___ Dataset records
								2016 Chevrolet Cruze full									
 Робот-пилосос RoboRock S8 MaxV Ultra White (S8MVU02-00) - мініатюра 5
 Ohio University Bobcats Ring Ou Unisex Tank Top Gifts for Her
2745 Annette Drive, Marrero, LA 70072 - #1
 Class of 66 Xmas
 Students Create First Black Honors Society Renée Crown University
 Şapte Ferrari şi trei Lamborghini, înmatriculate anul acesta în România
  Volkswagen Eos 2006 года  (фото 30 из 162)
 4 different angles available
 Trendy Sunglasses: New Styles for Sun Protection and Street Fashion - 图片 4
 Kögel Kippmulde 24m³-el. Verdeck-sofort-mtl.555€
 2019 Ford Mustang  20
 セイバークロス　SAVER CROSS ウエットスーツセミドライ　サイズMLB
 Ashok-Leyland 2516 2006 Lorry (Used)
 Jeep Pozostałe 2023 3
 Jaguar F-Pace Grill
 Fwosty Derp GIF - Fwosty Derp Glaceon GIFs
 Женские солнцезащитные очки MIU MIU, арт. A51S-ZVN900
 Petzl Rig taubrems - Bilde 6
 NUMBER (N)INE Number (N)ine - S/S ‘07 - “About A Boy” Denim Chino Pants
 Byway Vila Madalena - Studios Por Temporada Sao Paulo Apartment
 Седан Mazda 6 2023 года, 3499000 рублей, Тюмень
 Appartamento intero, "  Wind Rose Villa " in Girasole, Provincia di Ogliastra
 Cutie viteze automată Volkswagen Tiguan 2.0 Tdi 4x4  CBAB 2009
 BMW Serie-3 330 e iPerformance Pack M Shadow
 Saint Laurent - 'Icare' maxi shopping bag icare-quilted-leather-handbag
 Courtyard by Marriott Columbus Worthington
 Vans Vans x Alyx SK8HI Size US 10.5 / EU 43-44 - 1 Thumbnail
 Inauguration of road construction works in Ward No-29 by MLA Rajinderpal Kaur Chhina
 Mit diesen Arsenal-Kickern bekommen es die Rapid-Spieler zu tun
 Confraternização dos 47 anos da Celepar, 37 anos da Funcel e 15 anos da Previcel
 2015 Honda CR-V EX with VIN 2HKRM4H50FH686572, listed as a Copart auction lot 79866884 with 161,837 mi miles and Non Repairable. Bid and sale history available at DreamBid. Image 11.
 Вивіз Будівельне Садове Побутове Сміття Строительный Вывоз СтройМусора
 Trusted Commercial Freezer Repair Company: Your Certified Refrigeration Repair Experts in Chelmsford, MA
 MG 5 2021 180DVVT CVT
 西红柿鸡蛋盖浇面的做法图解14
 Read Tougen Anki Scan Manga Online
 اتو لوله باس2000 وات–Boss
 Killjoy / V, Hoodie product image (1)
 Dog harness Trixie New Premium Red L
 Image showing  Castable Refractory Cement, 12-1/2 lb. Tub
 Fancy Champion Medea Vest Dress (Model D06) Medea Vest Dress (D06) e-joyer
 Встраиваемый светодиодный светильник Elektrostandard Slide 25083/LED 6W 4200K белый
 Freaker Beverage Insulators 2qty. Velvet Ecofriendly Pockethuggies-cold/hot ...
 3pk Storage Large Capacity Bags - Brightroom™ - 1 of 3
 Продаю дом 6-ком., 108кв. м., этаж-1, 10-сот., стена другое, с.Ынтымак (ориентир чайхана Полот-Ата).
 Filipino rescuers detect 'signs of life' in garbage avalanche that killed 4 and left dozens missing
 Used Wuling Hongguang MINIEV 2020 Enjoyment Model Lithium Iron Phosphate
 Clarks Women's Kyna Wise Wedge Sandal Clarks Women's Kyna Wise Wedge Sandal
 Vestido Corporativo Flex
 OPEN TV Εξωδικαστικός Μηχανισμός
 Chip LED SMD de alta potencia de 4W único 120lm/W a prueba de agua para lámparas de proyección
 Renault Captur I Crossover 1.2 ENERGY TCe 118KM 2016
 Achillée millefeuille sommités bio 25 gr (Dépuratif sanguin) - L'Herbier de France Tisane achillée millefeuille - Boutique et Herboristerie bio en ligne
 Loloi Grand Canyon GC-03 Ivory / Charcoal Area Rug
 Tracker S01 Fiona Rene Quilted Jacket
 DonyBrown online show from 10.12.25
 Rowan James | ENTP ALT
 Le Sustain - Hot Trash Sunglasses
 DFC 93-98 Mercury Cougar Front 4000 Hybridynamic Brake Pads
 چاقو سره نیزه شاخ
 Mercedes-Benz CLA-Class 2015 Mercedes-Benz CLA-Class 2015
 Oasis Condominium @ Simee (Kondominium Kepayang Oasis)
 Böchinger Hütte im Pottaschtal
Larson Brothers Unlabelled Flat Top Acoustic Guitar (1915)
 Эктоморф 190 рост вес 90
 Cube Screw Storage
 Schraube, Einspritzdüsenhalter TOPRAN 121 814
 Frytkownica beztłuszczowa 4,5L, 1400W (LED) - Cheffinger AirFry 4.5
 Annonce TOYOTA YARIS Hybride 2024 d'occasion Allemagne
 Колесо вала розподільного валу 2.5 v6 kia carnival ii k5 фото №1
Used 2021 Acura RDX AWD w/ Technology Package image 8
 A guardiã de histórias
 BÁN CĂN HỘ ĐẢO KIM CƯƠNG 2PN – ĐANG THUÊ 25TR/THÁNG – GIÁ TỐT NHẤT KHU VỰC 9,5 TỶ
______
Show me every line of the entries above that holds "Model".

### Output:
 Fancy Champion Medea Vest Dress (Model D06) Medea Vest Dress (D06) e-joyer
 Used Wuling Hongguang MINIEV 2020 Enjoyment Model Lithium Iron Phosphate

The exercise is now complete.